● To do: Copy all lines below exactly as written. Leave pictures out.

● Given information:
==========

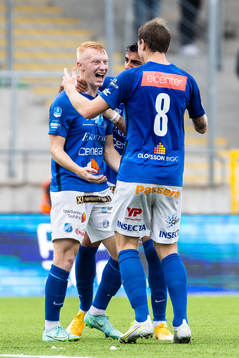 Norrbys Wilhelm Ärlig jublar med Nicklas Savolainen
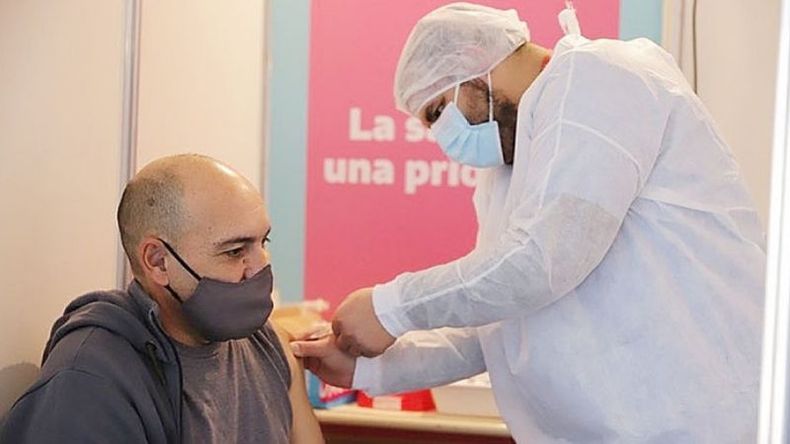 BUEN RITMO. En Pilar se incrementó la aplicación de segundas dosis..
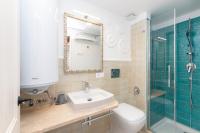 A bathroom at CASA AZUL - Boutique Apartments by Casa del Patio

==========

● Result for this exercise:
 Norrbys Wilhelm Ärlig jublar med Nicklas Savolainen
 BUEN RITMO. En Pilar se incrementó la aplicación de segundas dosis..
 A bathroom at CASA AZUL - Boutique Apartments by Casa del Patio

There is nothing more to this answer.